Depuis cinq ans, Fabien Letort valorise donc en bio 82 hectares d’espaces naturels avec 220 brebis et 30 chèvres des fossés qui débroussaillent les parcelles avant les brebis. La surface se partage entre des prairies précoces productives en front de mer, des prairies fraîches ombragées, 12 hectares de bois de pins maritimes et chênes verts et 8 hectares de friches, anciennes prairies envahies de ronces, prunelliers, chênes… Un plan de gestion agropastoral sur cinq ans a été établi avec les acteurs locaux et Pâtur’Ajust, réseau technique pour la valorisation des végétations naturelles par l’élevage. La surface est répartie en 70 parcs de 1-1,5 hectare pâturés 1 à 4 jours, avec ensuite 1,5 à 6 mois de repos. « Au départ, je passais deux jours par semaine à poser et déposer des filets. En cinq ans, j’ai investi 7 000 euros par an dans 20 km de clôtures. Aujourd’hui je n’y passe plus qu’une demi-journée par semaine. » Les brebis pâturent les prairies, bois et friches. « Je fais un passage dans les bois à l’automne pour les glands. Les brebis les valorisent très bien. Et je fais tomber des branches feuillues en hiver. J’utilise les friches notamment quand les brebis sont très parasitées. Elles y consomment des plantes à tannins et mangent en l’air et non au sol, ce qui réduit la pression parasitaire. » Entre 10 et 20 % des brebis ont toutefois des diarrhées au printemps, au début de la pousse de l’herbe. « Je travaille cet aspect en sélection sur les béliers et vais le faire sur les brebis. » Fabien a aussi creusé 20 mares et amène de l’eau l’été avec des bidons. Les agneaux, qui naissent de janvier à mars, sont sevrés autour de quatre mois. De mai à août, ils pâturent 15 hectares d’espaces naturels. De septembre à avril, ils pâturent des couverts végétaux (radis fourrager, moutarde, trèfle, avoine, phacélie, colza fourrager), des bois et des céréales chez un céréalier bio voisin. « Cela permet de garder de la croissance l’hiver avec des couverts assez riches en azote. »

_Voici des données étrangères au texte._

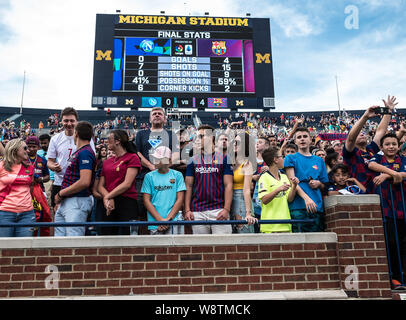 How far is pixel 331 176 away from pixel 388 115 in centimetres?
125

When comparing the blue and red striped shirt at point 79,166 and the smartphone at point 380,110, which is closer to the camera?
the blue and red striped shirt at point 79,166

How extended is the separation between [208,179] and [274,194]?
97 centimetres

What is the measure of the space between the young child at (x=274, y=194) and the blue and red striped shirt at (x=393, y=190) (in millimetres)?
1263

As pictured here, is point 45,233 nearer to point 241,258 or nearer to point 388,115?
point 241,258

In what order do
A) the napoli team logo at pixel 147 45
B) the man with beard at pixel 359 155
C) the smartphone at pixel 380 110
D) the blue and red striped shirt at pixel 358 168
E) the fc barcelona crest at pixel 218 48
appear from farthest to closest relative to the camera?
the fc barcelona crest at pixel 218 48 → the napoli team logo at pixel 147 45 → the blue and red striped shirt at pixel 358 168 → the man with beard at pixel 359 155 → the smartphone at pixel 380 110

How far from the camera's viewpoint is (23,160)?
4777mm

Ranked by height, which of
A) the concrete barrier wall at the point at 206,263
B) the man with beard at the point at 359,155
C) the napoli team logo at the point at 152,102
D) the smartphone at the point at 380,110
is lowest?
the concrete barrier wall at the point at 206,263

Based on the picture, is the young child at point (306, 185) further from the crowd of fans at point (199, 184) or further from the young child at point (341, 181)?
the young child at point (341, 181)

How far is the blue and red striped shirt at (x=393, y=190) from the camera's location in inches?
178

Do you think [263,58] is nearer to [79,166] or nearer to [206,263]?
[79,166]

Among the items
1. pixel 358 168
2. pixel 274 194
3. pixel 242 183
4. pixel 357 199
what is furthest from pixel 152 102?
pixel 357 199

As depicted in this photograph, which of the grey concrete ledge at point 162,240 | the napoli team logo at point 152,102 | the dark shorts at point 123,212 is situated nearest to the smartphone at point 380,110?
the grey concrete ledge at point 162,240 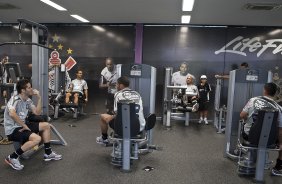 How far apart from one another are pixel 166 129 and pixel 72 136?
2.05m

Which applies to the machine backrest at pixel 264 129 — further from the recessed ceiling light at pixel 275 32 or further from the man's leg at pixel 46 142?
the recessed ceiling light at pixel 275 32

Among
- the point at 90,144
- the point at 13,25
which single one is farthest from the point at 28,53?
the point at 90,144

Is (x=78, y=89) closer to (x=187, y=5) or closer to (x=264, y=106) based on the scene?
(x=187, y=5)

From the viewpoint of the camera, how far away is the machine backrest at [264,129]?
9.44 ft

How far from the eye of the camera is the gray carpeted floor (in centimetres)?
306

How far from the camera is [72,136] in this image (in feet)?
16.1

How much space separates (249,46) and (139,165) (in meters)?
5.01

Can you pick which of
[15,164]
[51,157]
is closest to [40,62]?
[51,157]

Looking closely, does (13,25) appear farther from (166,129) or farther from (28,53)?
(166,129)

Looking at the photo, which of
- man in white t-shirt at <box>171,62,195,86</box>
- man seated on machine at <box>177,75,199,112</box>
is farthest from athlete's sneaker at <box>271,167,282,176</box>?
man in white t-shirt at <box>171,62,195,86</box>

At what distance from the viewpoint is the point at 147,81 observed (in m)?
4.02

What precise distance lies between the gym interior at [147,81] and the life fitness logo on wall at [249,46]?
26 mm

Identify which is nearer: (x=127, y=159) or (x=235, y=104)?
(x=127, y=159)

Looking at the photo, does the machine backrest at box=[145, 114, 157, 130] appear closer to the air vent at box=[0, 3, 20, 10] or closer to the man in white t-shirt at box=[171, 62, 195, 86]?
the man in white t-shirt at box=[171, 62, 195, 86] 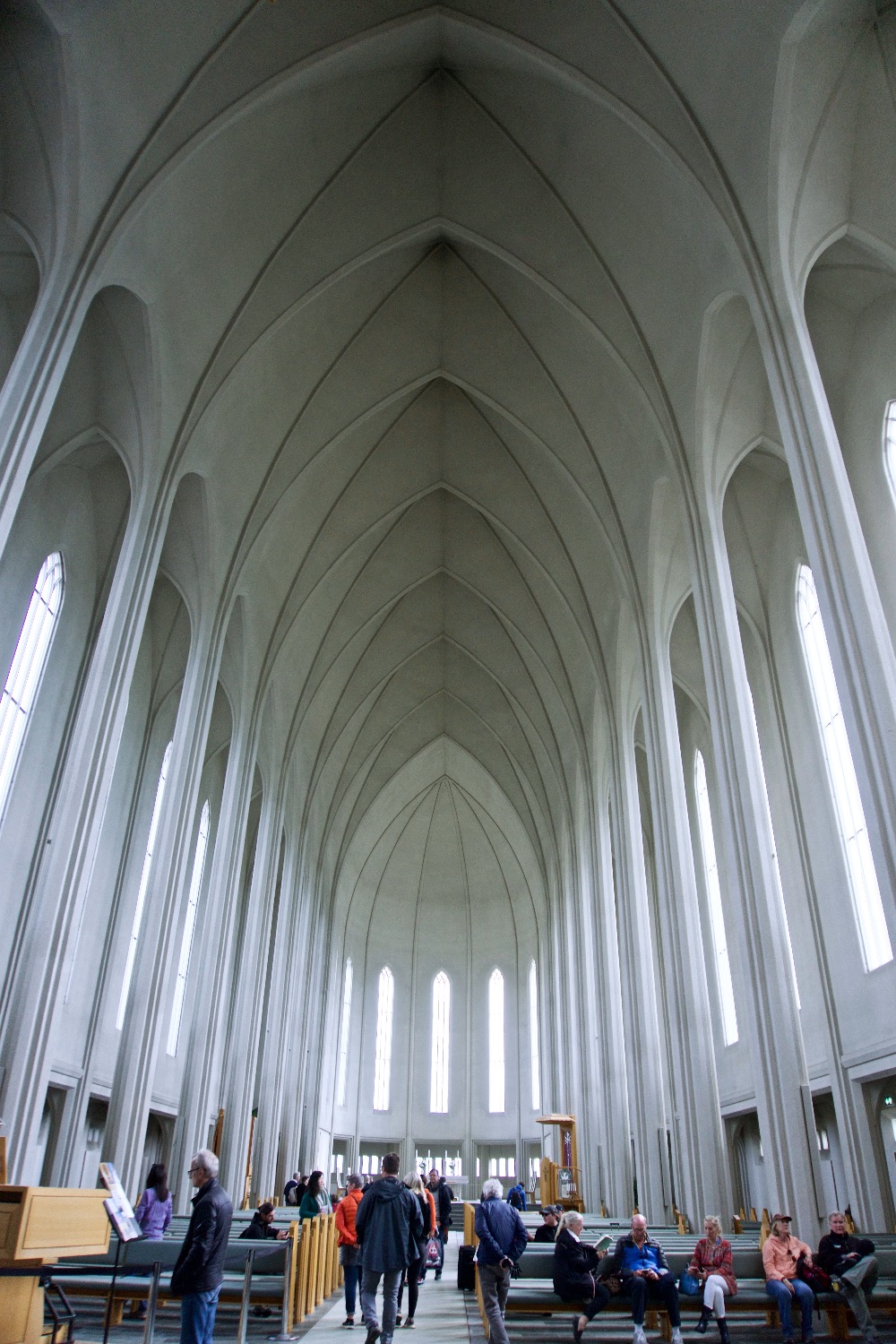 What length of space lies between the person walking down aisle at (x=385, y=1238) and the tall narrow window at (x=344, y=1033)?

La prolificité est de 1,5 agneau par brebis, avec 7 à 18 % de pertes liées surtout aux renards. « Avec les renards, les sangliers qui défoncent les clôtures, les vols et maintenant le loup apparu dans le département, je réfléchis à prendre des patous », précise-t-il. L’éleveur garde 40 agnelles par an pour le renouvellement et en vend 100-110 pour la création de nouveaux troupeaux ou l’écopâturage. Et il vend 120-130 agneaux, à 10-12 mois en moyenne, 15-17 kg carcasse et un classement O3. « C’est une race à croissance lente et hétérogène. Certains agneaux sont finis à 7-8 mois, d’autres à 15-16 mois. Mais les dégustations montrent qu’il n’y a pas de différence de goût entre 8 et 16 mois, car il y a très peu de gras de couverture. » Les agneaux sont vendus en colis de demi-agneau à des particuliers, à 17-18 €/kg, ou en carcasse à un boucher de Nantes à 11 € TTC/kg. « Je n’ai aucune difficulté à les vendre, assure Fabien. Il y a beaucoup de jeunes retraités à Pornic. J’envoie un mail à mes clients et ils viennent chercher les colis un soir dans la semaine. Je vends aussi dans un magasin de producteurs. Le seul souci est que je dois faire abattre les agneaux à 100 kilomètres. Nous avons constitué une association pour créer sur le département deux petits abattoirs qui fonctionneraient avec les éleveurs. » Les brebis sont valorisées en merguez ou vendues pour la reproduction (10-20/an). L’éleveur est aussi engagé dans des projets de valorisation locale de la laine.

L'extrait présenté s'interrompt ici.